Scaling efficiency throughout the {hardware} spectrum

Whereas the efficiency beneficial properties in speech, animation, and video are clear, the trail to the NPU has traditionally been troublesome to unlock for builders, resulting from varied vendor-specific SDKs and complexities. By offering a streamlined workflow and cross platform assist, LiteRT permits builders to deploy superior fashions, from cell phones to industrial IoT and AI PCs, with out sacrificing efficiency or portability.

Cross-platform NPU assist

As highlighted within the latest Google AI Edge Gemma 4 weblog publish, LiteRT extends NPU acceleration past cellular, permitting you to deploy your fashions throughout a variety of {hardware} utilizing a single framework. For the commercial edge, LiteRT helps platforms just like the Qualcomm Dragonwing ™ IQ8 Sequence, which additionally powers Arduino VENTUNO Q, enabling high-reliability use circumstances like robotics and good manufacturing with fashions like Gemma 4. For desktop, LiteRT is making ready for AI PCs via OpenVINO™ integration with Intel® Core™ Extremely collection 2 and 3 processors, delivering important energy financial savings and responsiveness for native GenAI workloads.

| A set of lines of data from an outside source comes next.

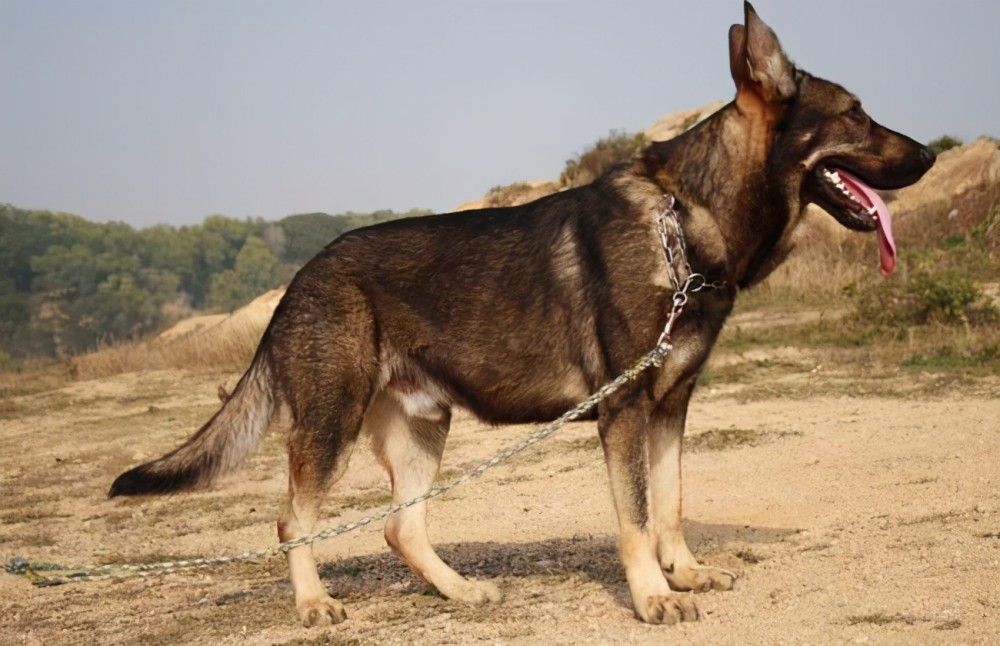 战斗力爆表的7大狼狗 日本狼青犬给国人造成了巨大伤害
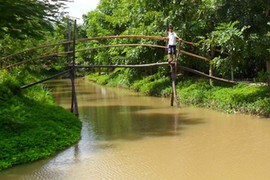 Cháy lớn ở làng du lịch Tiền Giang, nhiều du khách hốt hoảng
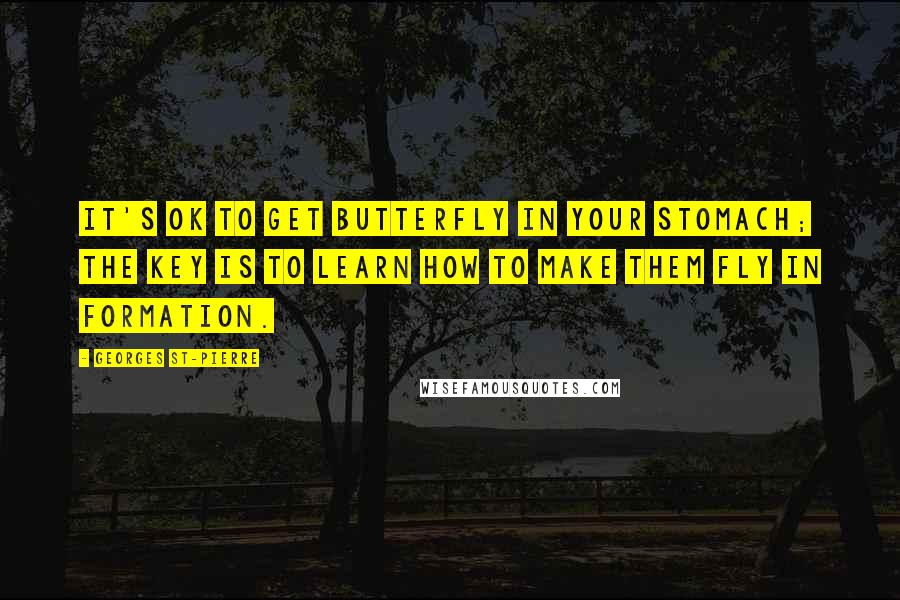 Georges St-Pierre Quotes: It's OK to get butterfly in your stomach; the key is to learn how to make them fly in formation.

Efficiency validation at scale

Google AI Edge Portal offers a benchmark service throughout 100+ of the preferred cell phones with insights on ML workloads throughout gadgets, accelerators and configurations. Builders can now make data-driven deployment selections, comparable to whether or not to make use of AOT or JIT, that greatest go well with their use circumstances and their goal gadgets. To make use of the most recent Portal NPU options, join our non-public preview right here.

Sorry, your browser does not assist playback for this video

Google AI Edge Portal Benchmarking Outcomes

Get began along with your NPU journey

With our production-ready NPU integrations, LiteRT offers a unified workflow that abstracts away low-level complexities throughout each Simply-In-Time (JIT) and Forward-Of-Time (AOT) deployment.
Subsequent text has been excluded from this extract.